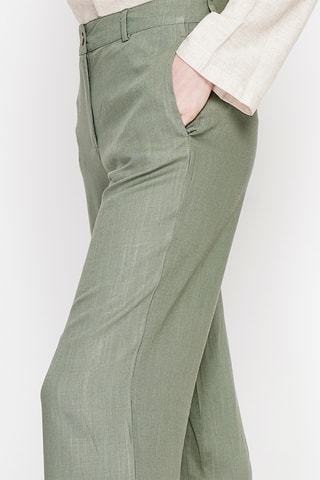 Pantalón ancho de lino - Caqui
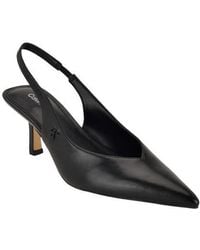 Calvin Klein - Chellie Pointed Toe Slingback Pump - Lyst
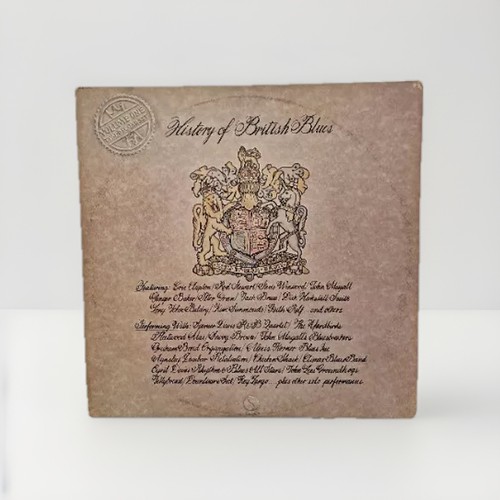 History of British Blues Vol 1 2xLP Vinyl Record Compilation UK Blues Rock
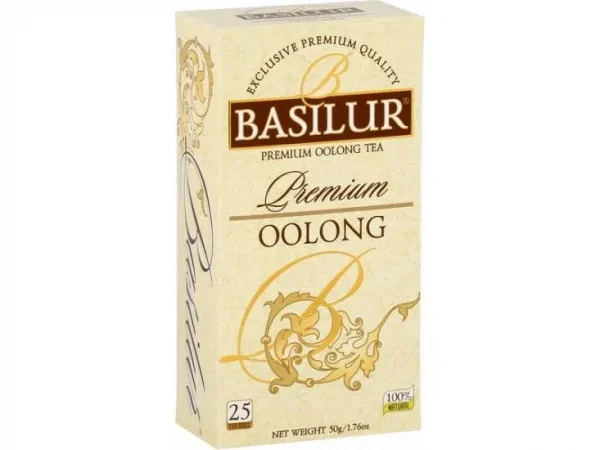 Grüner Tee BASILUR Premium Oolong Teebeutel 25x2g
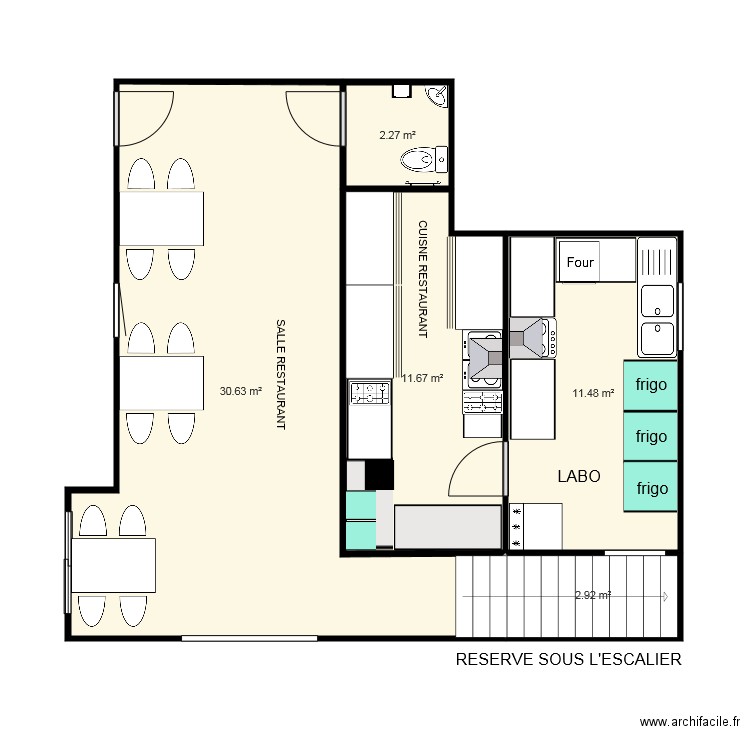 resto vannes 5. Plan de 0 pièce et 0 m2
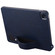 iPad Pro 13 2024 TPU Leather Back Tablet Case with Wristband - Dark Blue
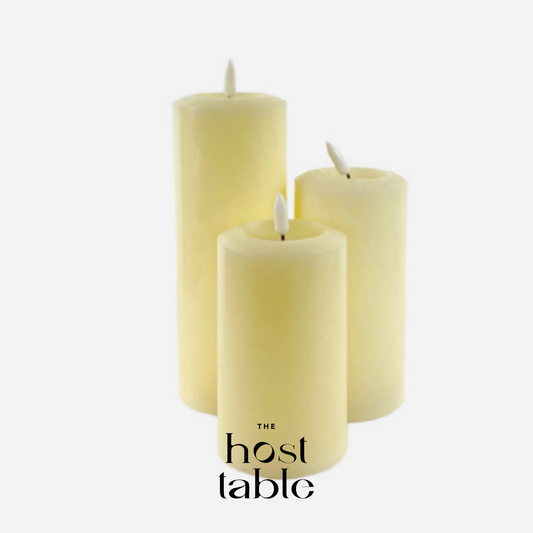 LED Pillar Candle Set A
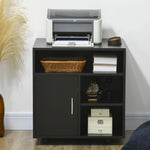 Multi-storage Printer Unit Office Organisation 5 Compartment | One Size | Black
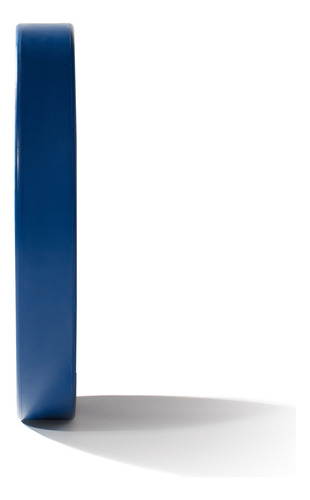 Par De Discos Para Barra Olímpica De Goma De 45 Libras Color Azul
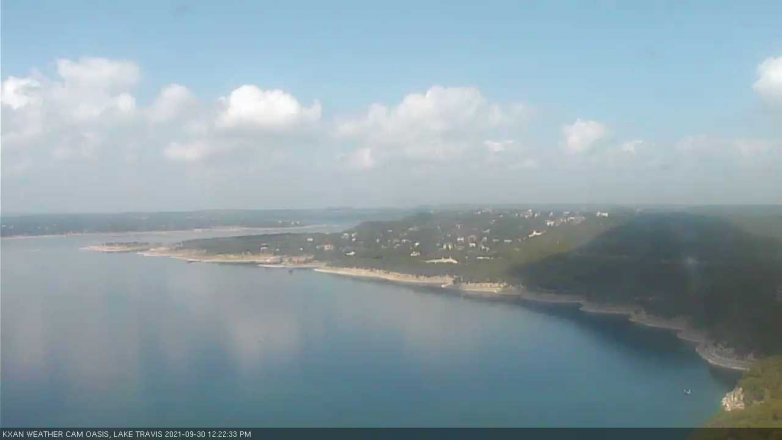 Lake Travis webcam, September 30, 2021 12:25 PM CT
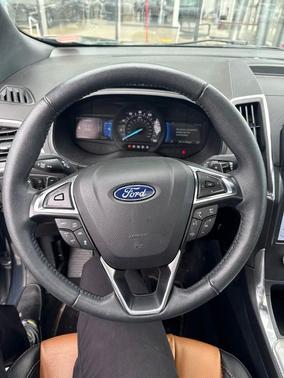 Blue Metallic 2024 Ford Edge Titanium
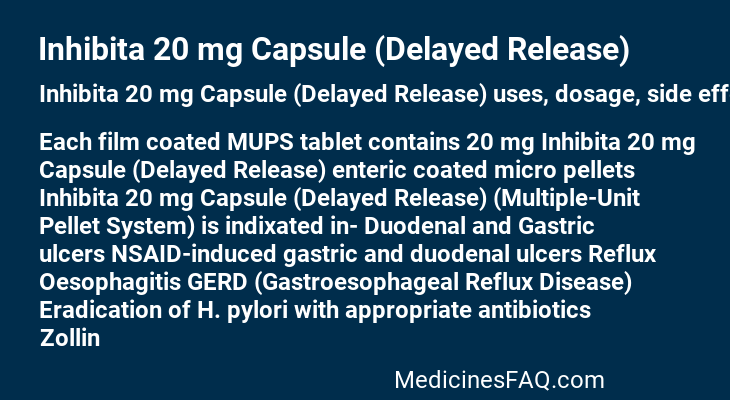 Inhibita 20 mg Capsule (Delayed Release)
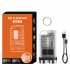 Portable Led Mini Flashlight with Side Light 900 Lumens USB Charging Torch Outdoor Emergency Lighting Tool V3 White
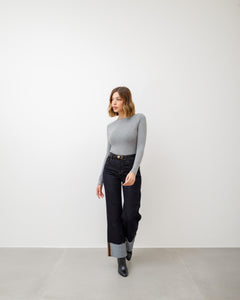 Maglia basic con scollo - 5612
------------------------------------------------
-- TASK ITEM --
Exactly the lines from the one with "Portable Led Mini" through the end of the records should be written out, and only those. Pictures do not belong in the copy.

-- RESULT --
 Portable Led Mini Flashlight with Side Light 900 Lumens USB Charging Torch Outdoor Emergency Lighting Tool V3 White
 Maglia basic con scollo - 5612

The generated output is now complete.